--- Task to complete ---
Nothing but the pictures is dropped; write out all the remaining data below exactly.
Raw data START
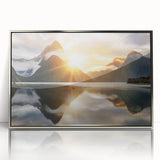 Framed acrylic wall art featuring a serene lakeside landscape design with a silver frame, perfect for enhancing home decor. The artwork showcases vibrant colors and intricate details, creating a calming ambiance suitable for living rooms or offices.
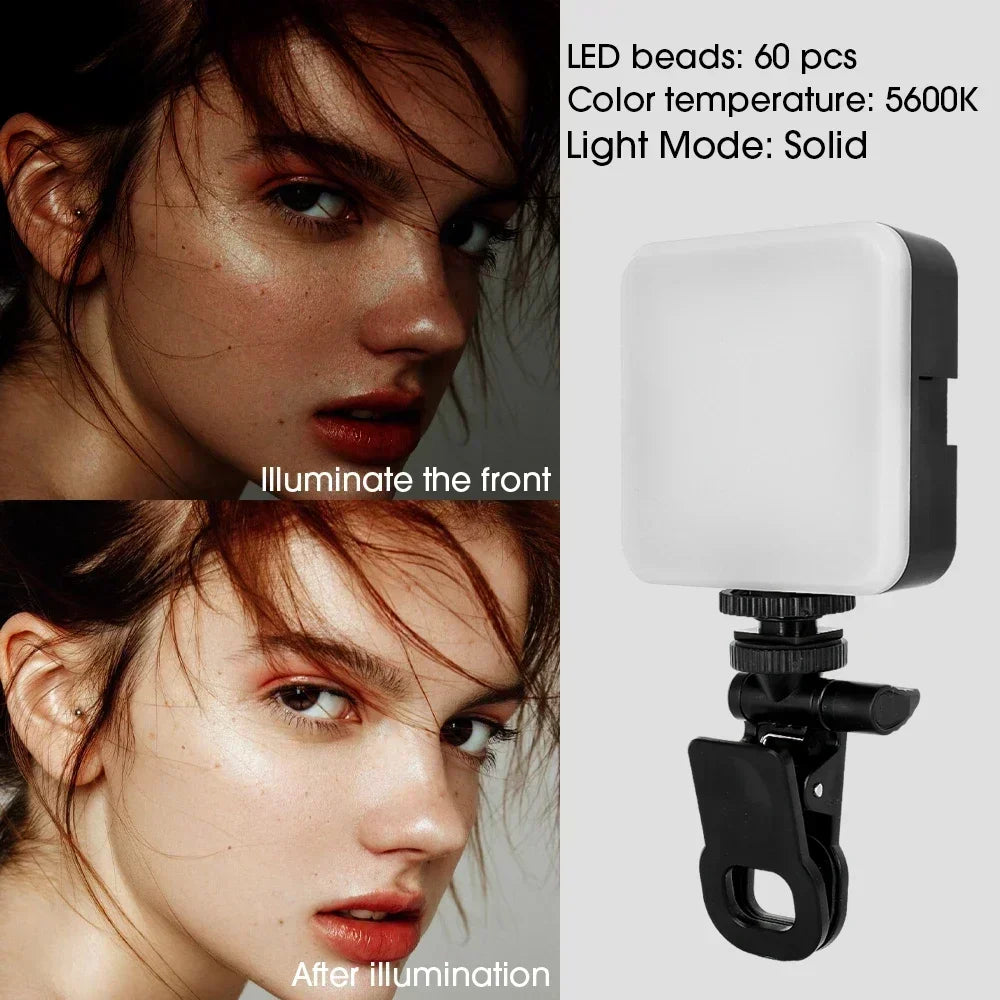 lampe led selfie noir blanche clip réglable modernes maquillage tiktok direct videoconférence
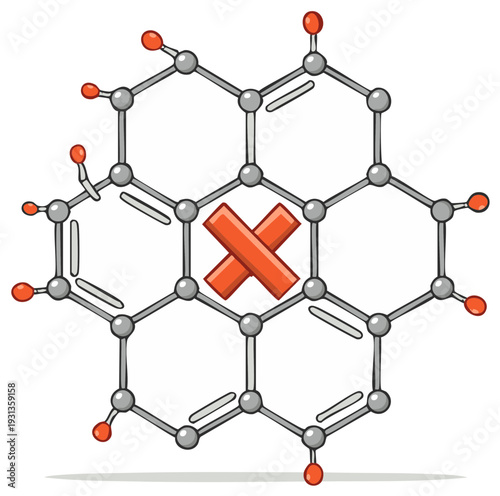 Chemical Structure Diagram with Red Cross Depicting Error or Failure in Scientific Process
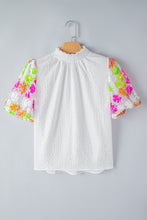 Load image into Gallery viewer, Puff Sleeve Top | White Collar Sequin Flower Textured Blouse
Raw data END
--- Output for this task ---
 Framed acrylic wall art featuring a serene lakeside landscape design with a silver frame, perfect for enhancing home decor. The artwork showcases vibrant colors and intricate details, creating a calming ambiance suitable for living rooms or offices.
 lampe led selfie noir blanche clip réglable modernes maquillage tiktok direct videoconférence
 Chemical Structure Diagram with Red Cross Depicting Error or Failure in Scientific Process
 Load image into Gallery viewer, Puff Sleeve Top | White Collar Sequin Flower Textured Blouse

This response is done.